_Required action_
Omit all pictures, then retype the data exactly as given.

Short text fragments from websites:
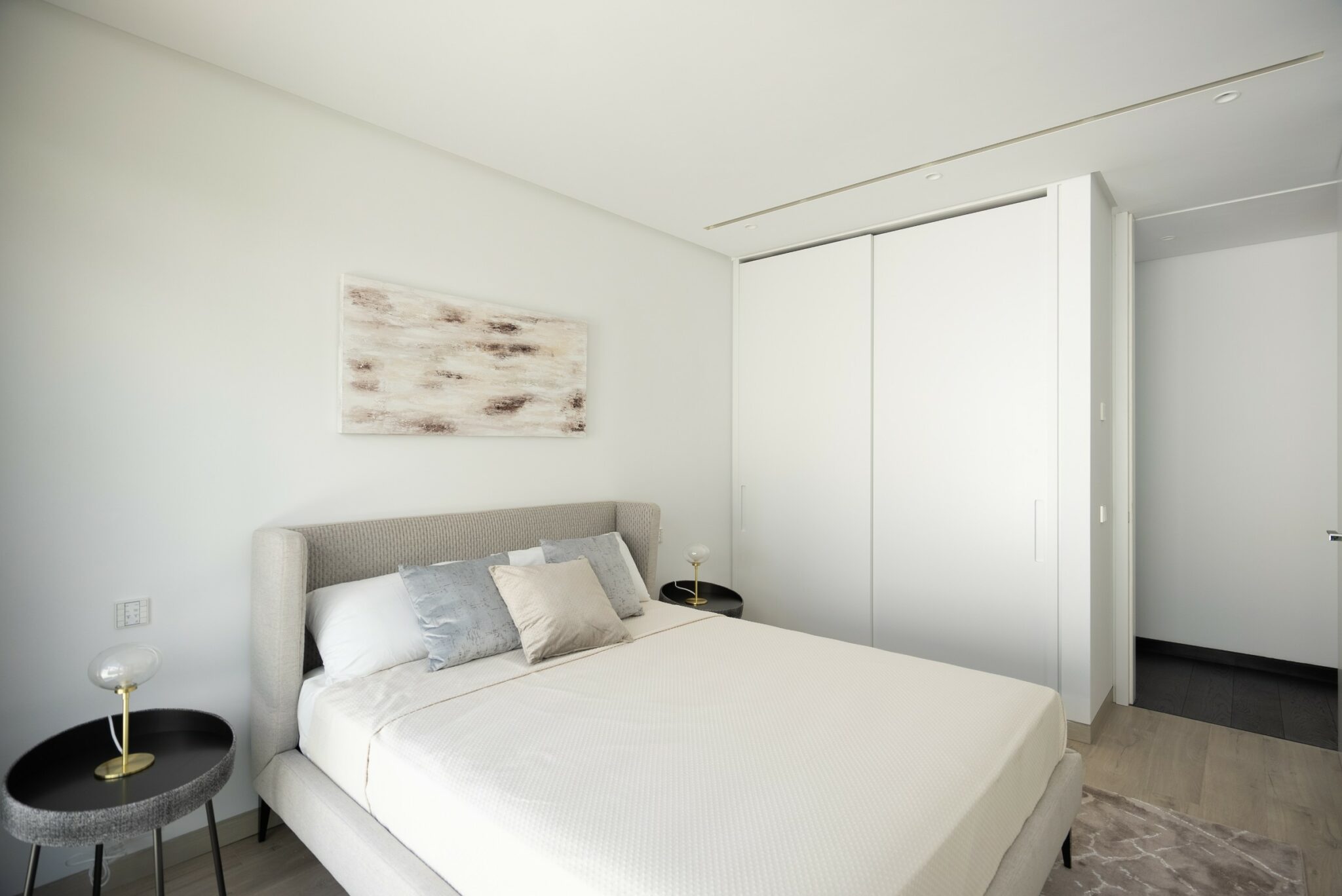Overig - Benahavis -  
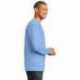 Port & Company PC61LS Long Sleeve Essential Tee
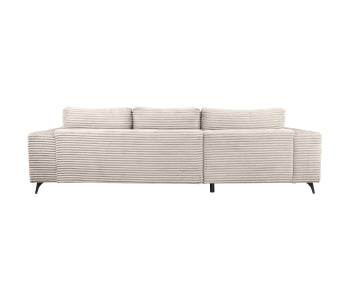 Ecksofa Nox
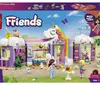 LEGO Friends Kavárna snů s jednorožcem - Cukrárna se 3 mini Náhled obrázku produktu 17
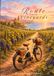 Route among vineyards: Wine Tourism in Catalonia: Vineyards, Wineries, Tastings and Vineyard Routes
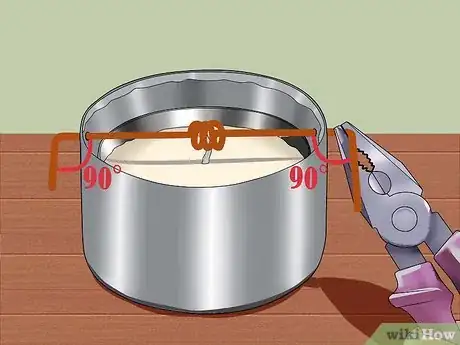Imagen titulada Make a Steam Engine Step 8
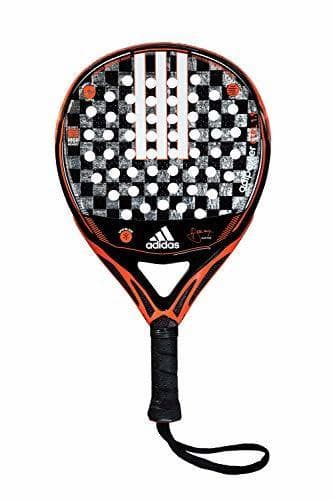 Place Adidas Adipower Control 1.9 - Pala de padel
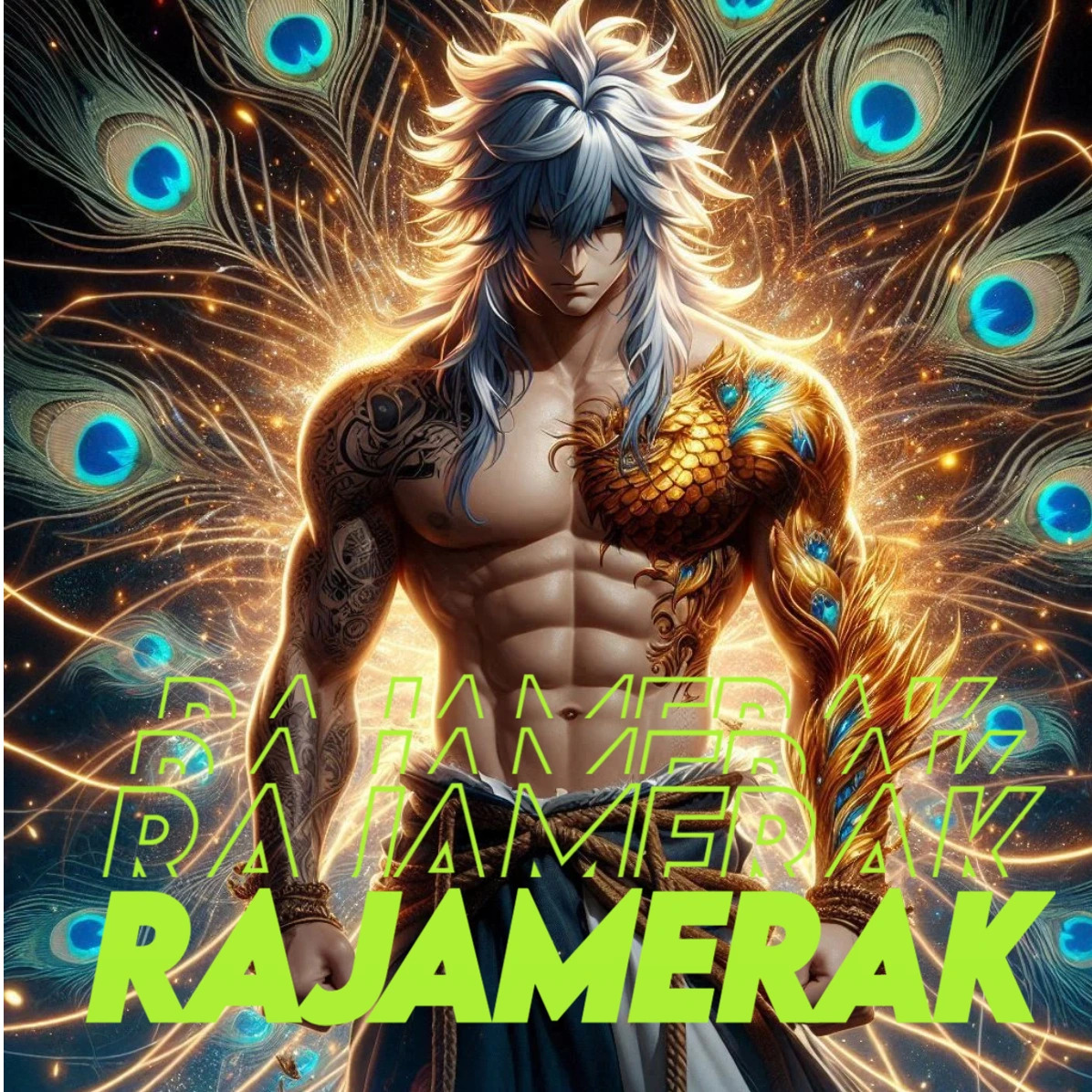 Tips Jackpot Supaya Nggak Cuma Jadi Mitos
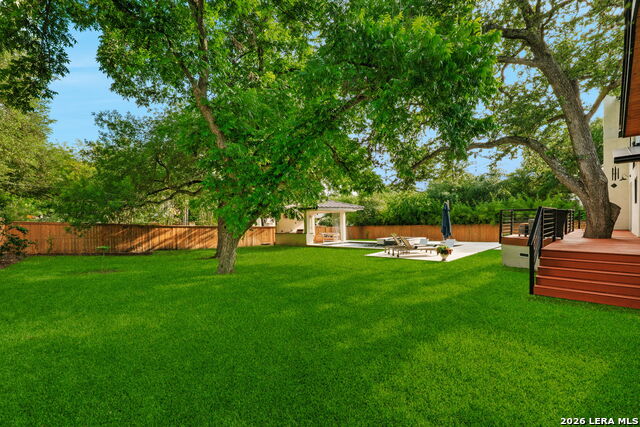 524 Garraty Rd Property Photo 52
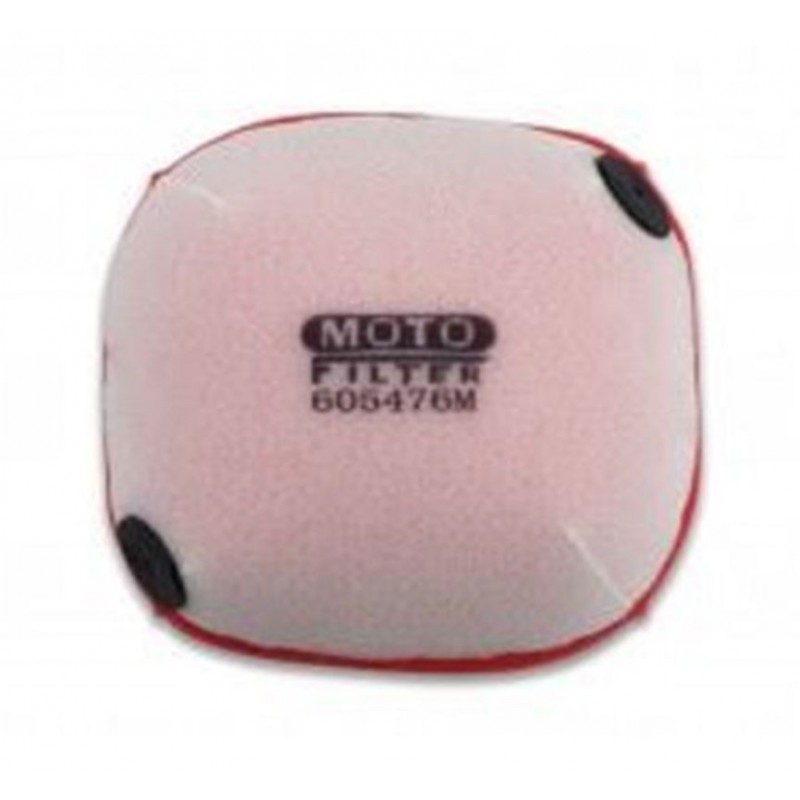 MTX PARTS FILTR POWIETRZA HUSQVRNA FC '16-'21, FE / FX / TX '17-'21, KTM EXC '17-'21, SX '16-'21, SXF 250 / 350 / 450 '1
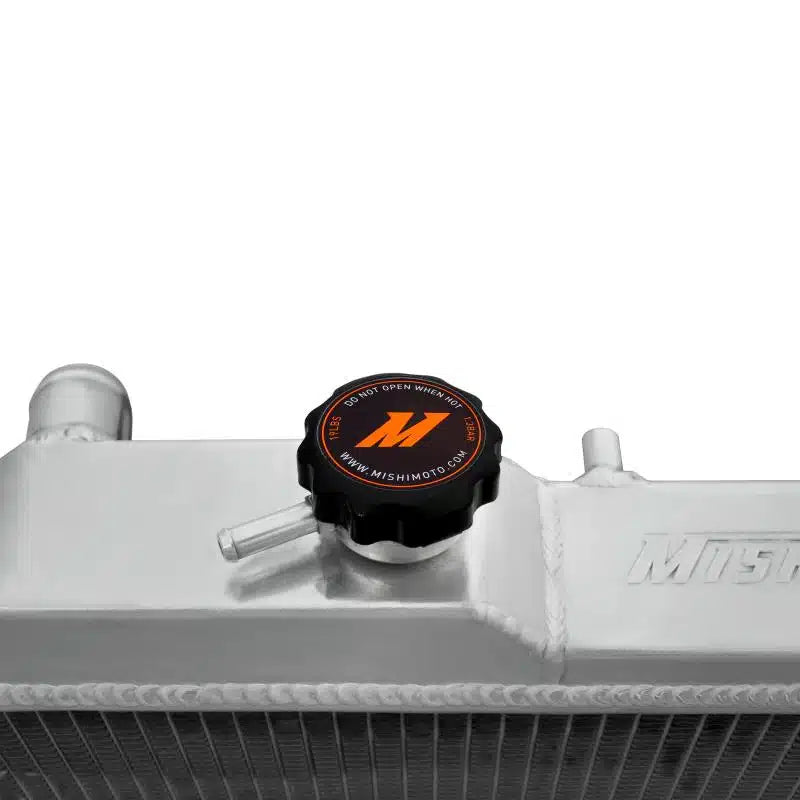 mmrad mia 90x 4 5 310vfoqw7fimvxjt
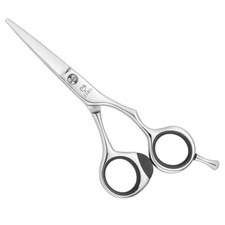 Joewell X-60 Series Offset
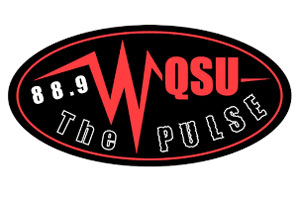 WQSU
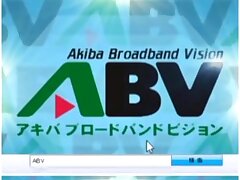 GNJ05 Sizzling Asian Cutie Ignites Passion in Explosive Erotic Thrill Ride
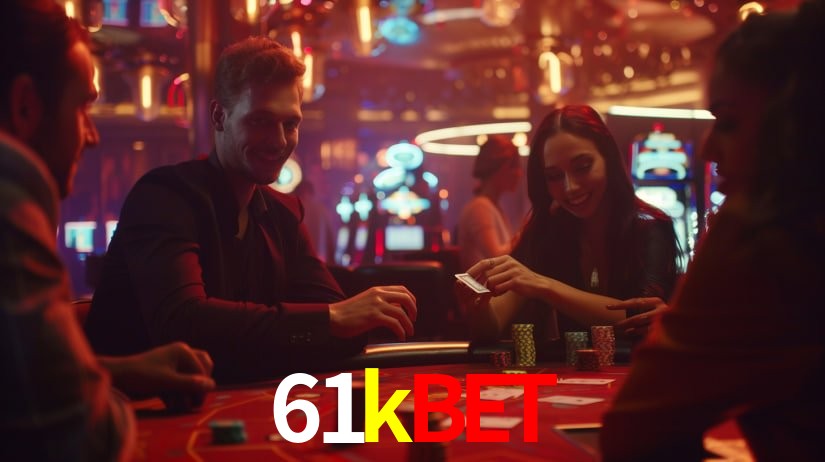 Download 61kbet Windows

_Reply to the exercise_
Overig - Benahavis -  
 Port & Company PC61LS Long Sleeve Essential Tee
 Ecksofa Nox
 LEGO Friends Kavárna snů s jednorožcem - Cukrárna se 3 mini Náhled obrázku produktu 17
 Route among vineyards: Wine Tourism in Catalonia: Vineyards, Wineries, Tastings and Vineyard Routes
Imagen titulada Make a Steam Engine Step 8
 Place Adidas Adipower Control 1.9 - Pala de padel
 Tips Jackpot Supaya Nggak Cuma Jadi Mitos
 524 Garraty Rd Property Photo 52
 MTX PARTS FILTR POWIETRZA HUSQVRNA FC '16-'21, FE / FX / TX '17-'21, KTM EXC '17-'21, SX '16-'21, SXF 250 / 350 / 450 '1
 mmrad mia 90x 4 5 310vfoqw7fimvxjt
 Joewell X-60 Series Offset
 WQSU
 GNJ05 Sizzling Asian Cutie Ignites Passion in Explosive Erotic Thrill Ride
 Download 61kbet Windows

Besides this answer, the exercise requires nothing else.